Since the major arguments challenging the efficacy of the oral administration of shark cartilage are based on questioning intestinal absorption, this paper scientifically reviews the large body of literature available on the intact absorption of polypeptide proteins. It is immanently clear that most researchers specializing in polypeptide absorption agree that large polypeptides of the size in shark cartilage do get partially absorbed intact through the small intestines. The variables effecting this absorption are both fascinating and numerous. They are discussed at length in the sections below.

Method

Our investigation into the absorption of shark cartilage begins with a review of the research evaluating the anti-angiogenic activity of shark cartilage and comparing it to other forms of cartilage. The literature reviewed isolating the protein polypeptide fractions found in shark cartilage with molecular weight determinations.

The paper continues with an evaluation of the extensive body of literature investigating intact polypeptides absorption. The many variables effecting absorption are considered including hydrochloric acid (HCl) production in the stomach, substance density and time of ingestion, the size of the polypeptides, the effect of location in the small intestines on intestinal absorption, the variability of intestinal pore sizes, varied absorption from individual to individual and varied absorption due to certain disease states. Conclusions are drawn based on the evidence presented by multiple researchers in their respective areas of inquiry.

Background Literature on Angiogenic Inhibition

In order for shark cartilage to be an effective oral agent in cancer and other angiogenic mediated diseases it must be proven that it functions as a relatively potent angiogenic inhibitor and that the angiogenic inhibiting polypeptides are absorbed intact through the small intestines. Many researchers, including I. William Lane, PhD and others have shown shark cartilage's ability to inhibit angiogenesis in vitro as well as in vivo on pathological slides of cancer patients in a clinical trial performed in Cuba beginning in June of 1992.( 6-12) Lee and Langer in 1983 determined that shark cartilage contains approximately 1,000 times more anti-angiogenic factors than bovine cartilage.
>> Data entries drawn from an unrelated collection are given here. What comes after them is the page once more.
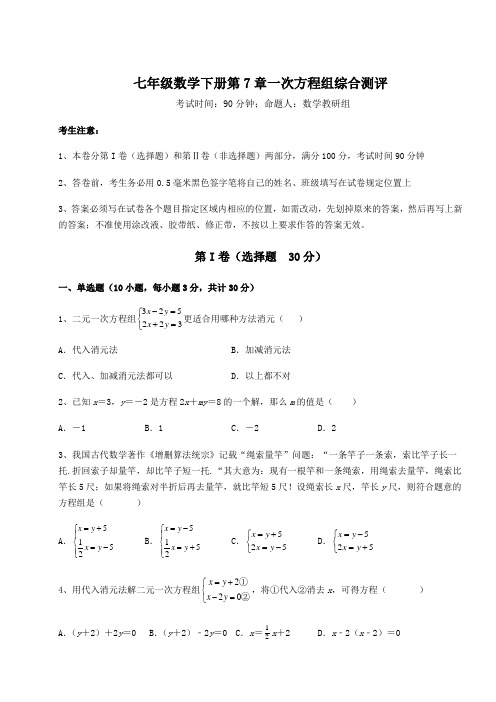 2022年最新强化训练华东师大版七年级数学下册第7章一次方程组综合测评试卷(含答案详解)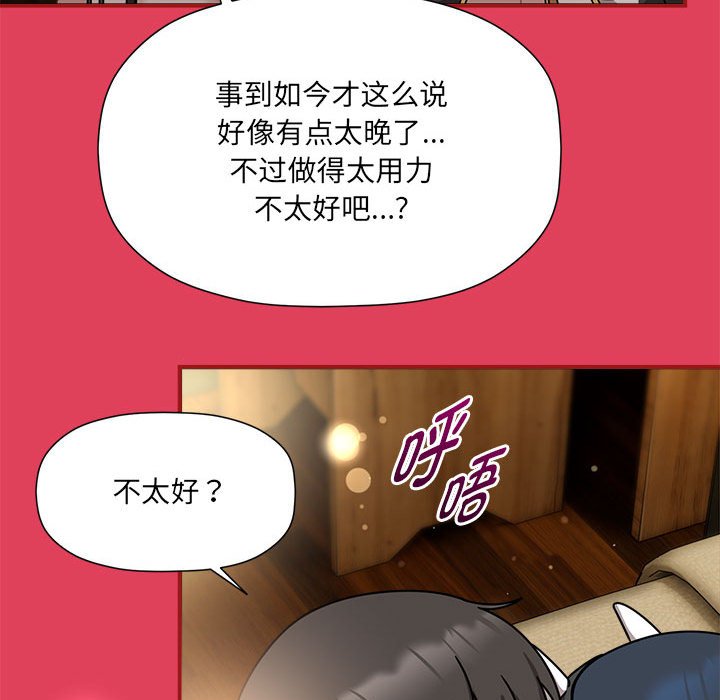 [韩国漫画] 欢迎加入粉丝团 剧情,女学生#[123P]-39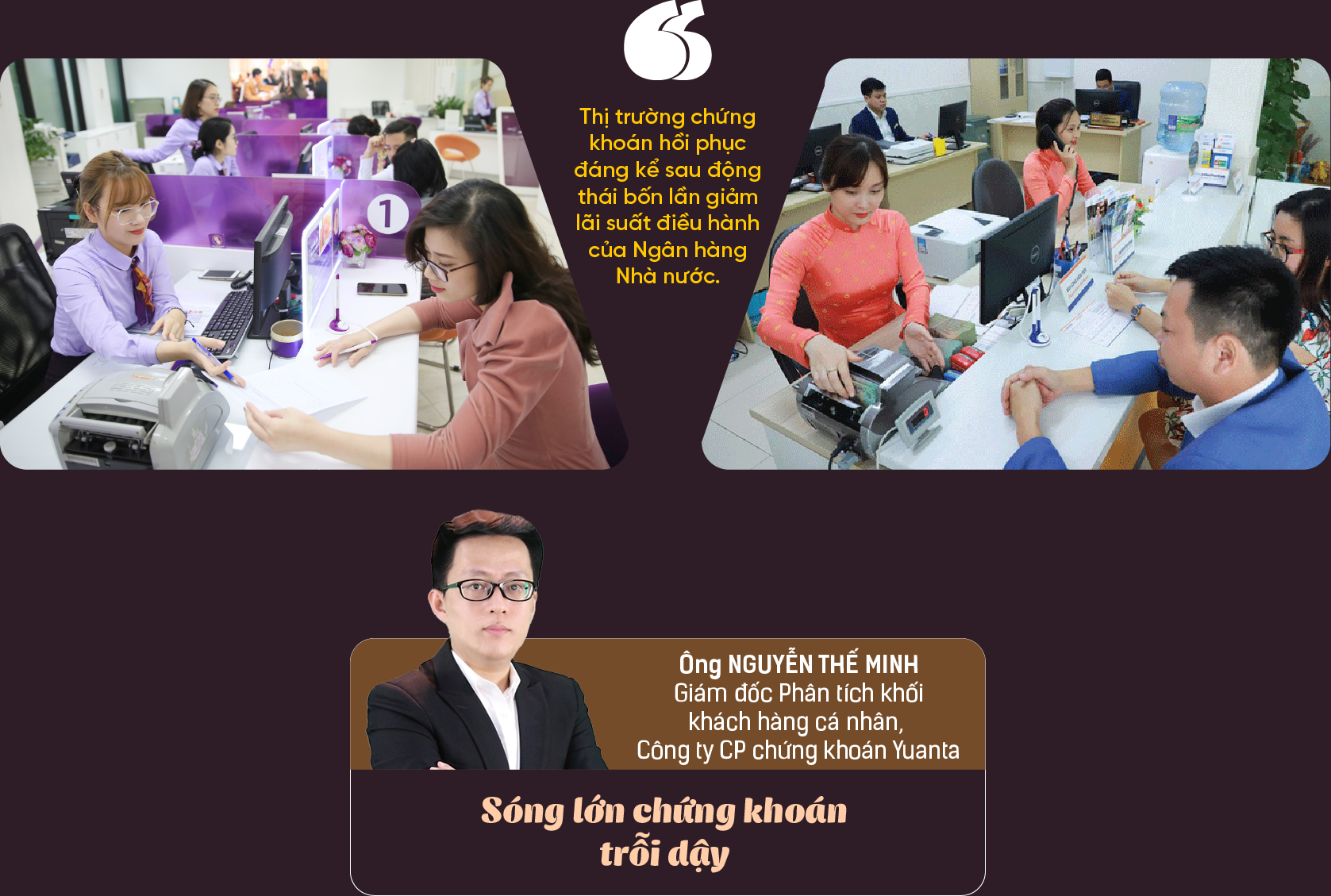 6PG88VN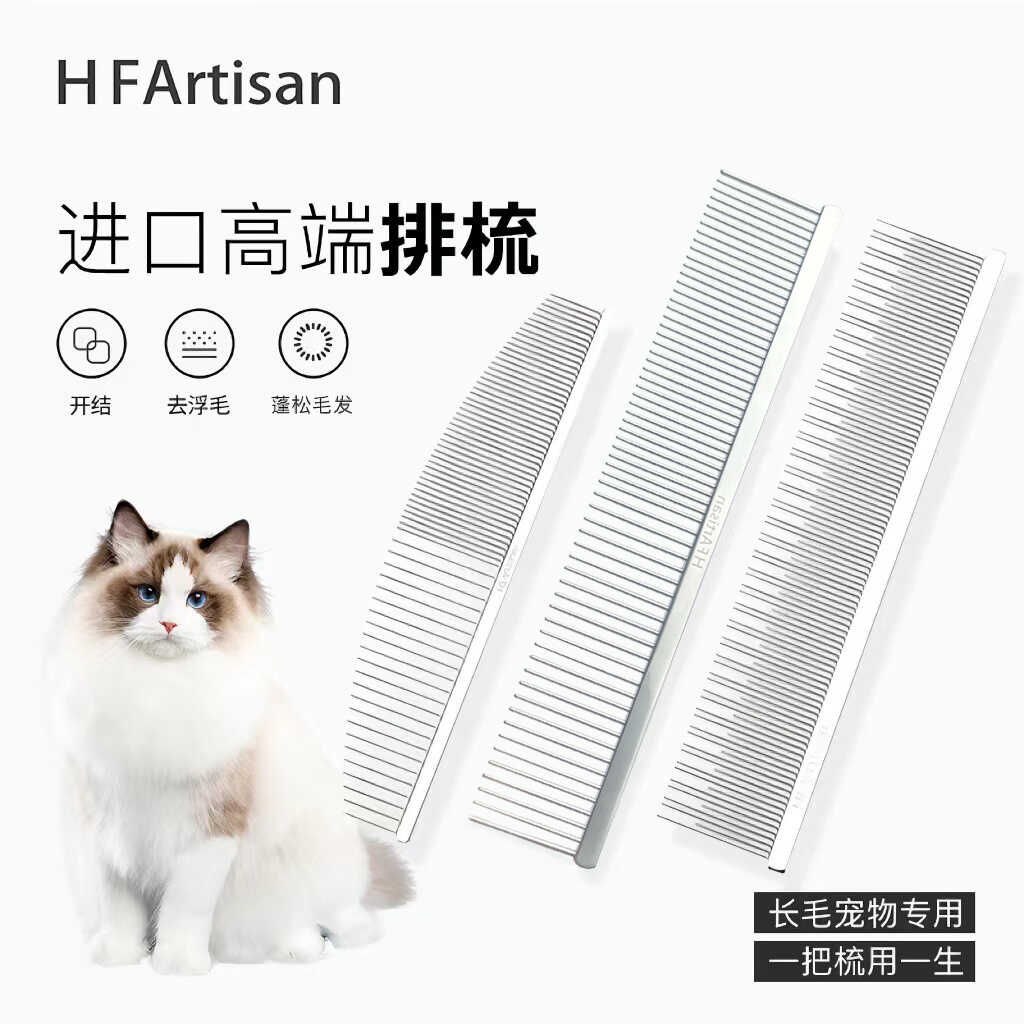 宠物专业梳猫狗梳子排梳犬猫用品
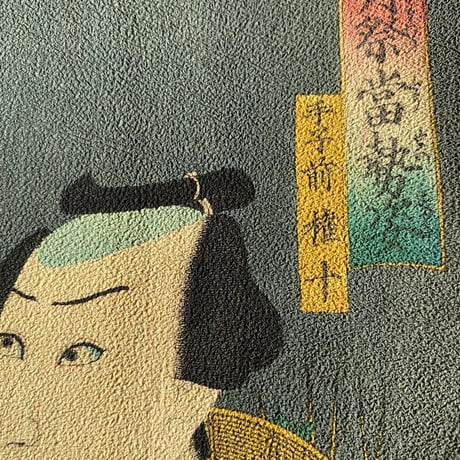 縮緬絵-豊国三代「宵祭當勢姿 手子前権十」 文久3年【浮世絵】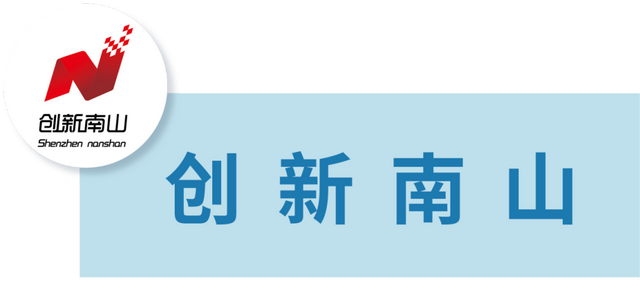 11月12日开启，就在南山！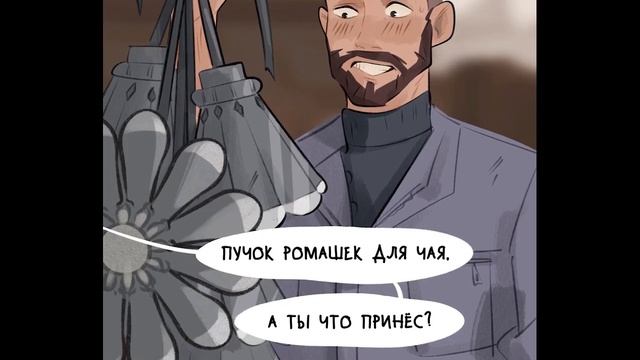 Вечер с близняшкой Atomic Heart / ОЗВУЧКА КОМИКСОВ ATOMIC HEART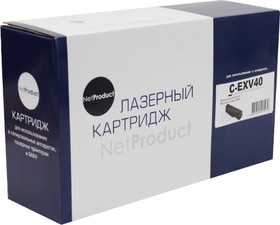 Картридж NetProduct (N-C-EXV40) для Canon iR 1133/1133A/1133if, 6K | купить в розницу и оптом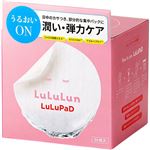 Dr．ルルルン ルルルン トナーパッド うるおいON 50枚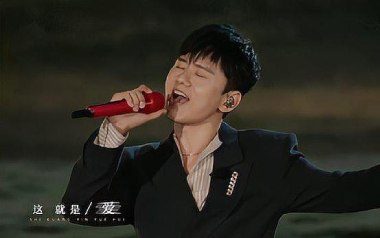 这就是爱吉他谱_张杰_G调指法拍弦版_图片六线谱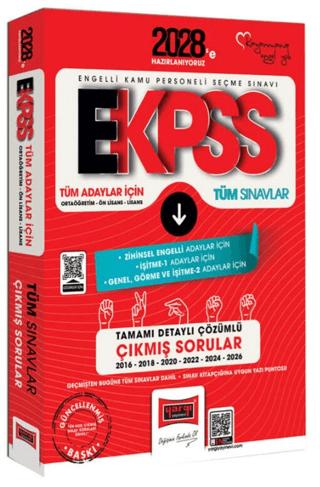 2028 EKPSS Ortaöğretim - Ön Lisans - Lisans Tüm Dersler Tüm Adaylar İçin Tamamı Detaylı Çözümlü 10 Yıl Çıkmış Sorular | Yargı Yayınevi (Ciltsiz) - Resim 1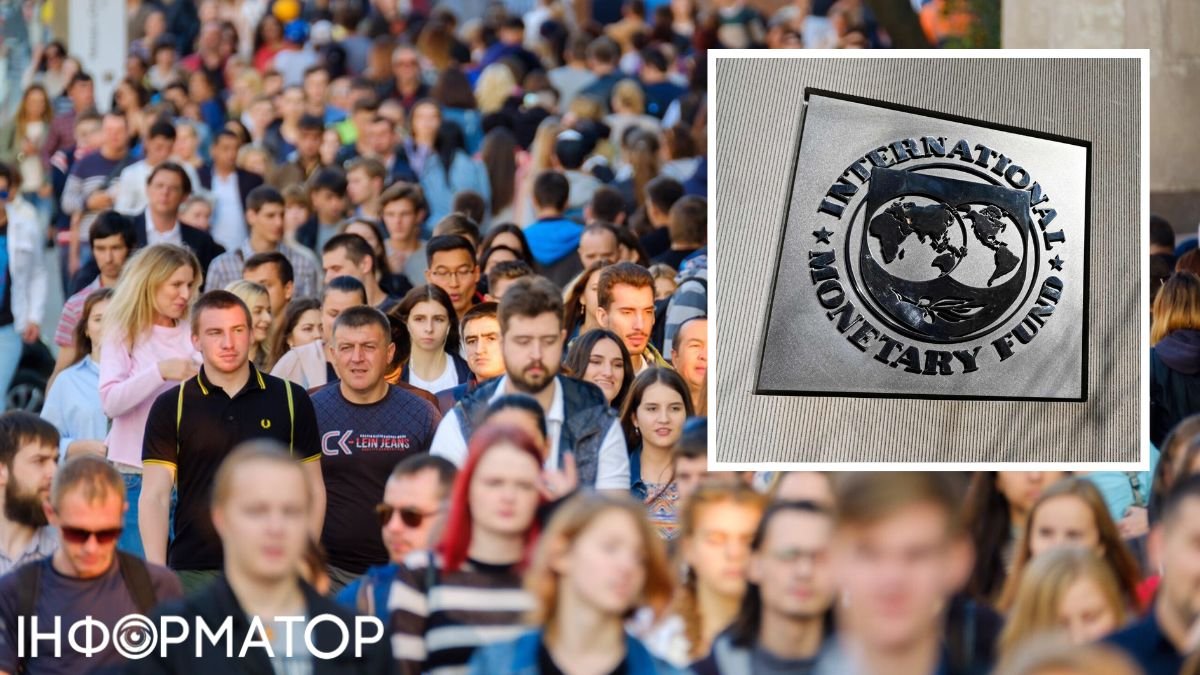 Население Украины будет расти уже с этого года - МВФ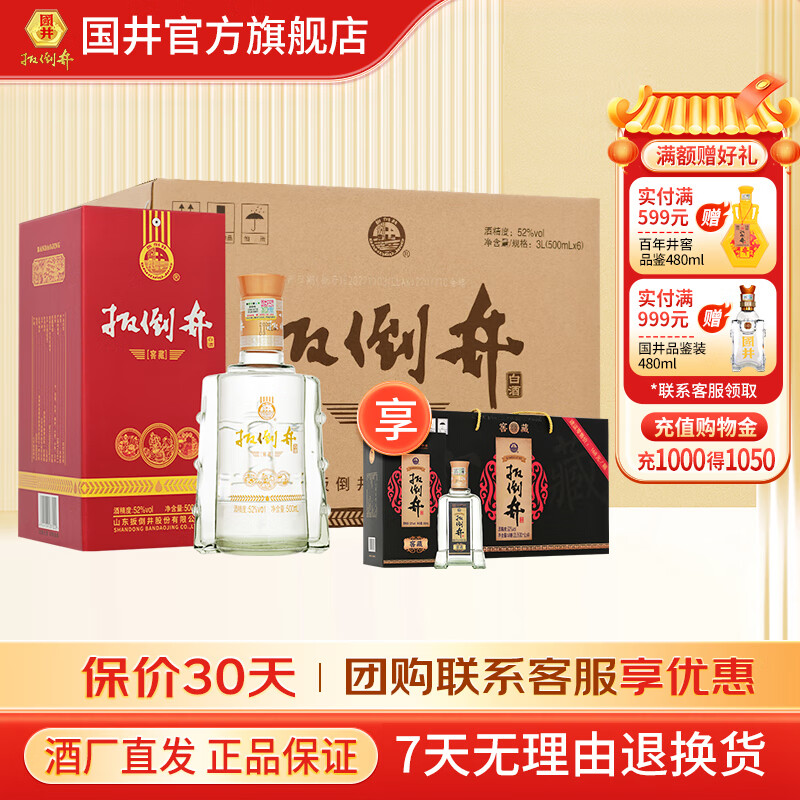 扳倒井52度窖藏 搭配3个礼品袋 浓香型白酒 纯粮酿造 52度 500mL 6瓶 整箱装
Lee and Langer also determined that sharks are 6% cartilage compared to cattle which are 0.5%.( 13)

Most authors agree that angiogenesis plays a significant role in development of cancer and anti-angiogenic agents are promising anti-cancer therapies.( 14-25) In 1990 Oikawa further confirmed the antiangiogenic effects of shark cartilage.

"Guanidine extraction and crude fractionation of Japanese shark cartilage by ultrafiltration on a molecular weight basis were conducted and the antiangiogenic activities were assayed as to the inhibitions of tumor and embryonic angiogenesis. Significant inhibition of angiogenesis was found and there was a linear relationship between the results of the two assays."( 26)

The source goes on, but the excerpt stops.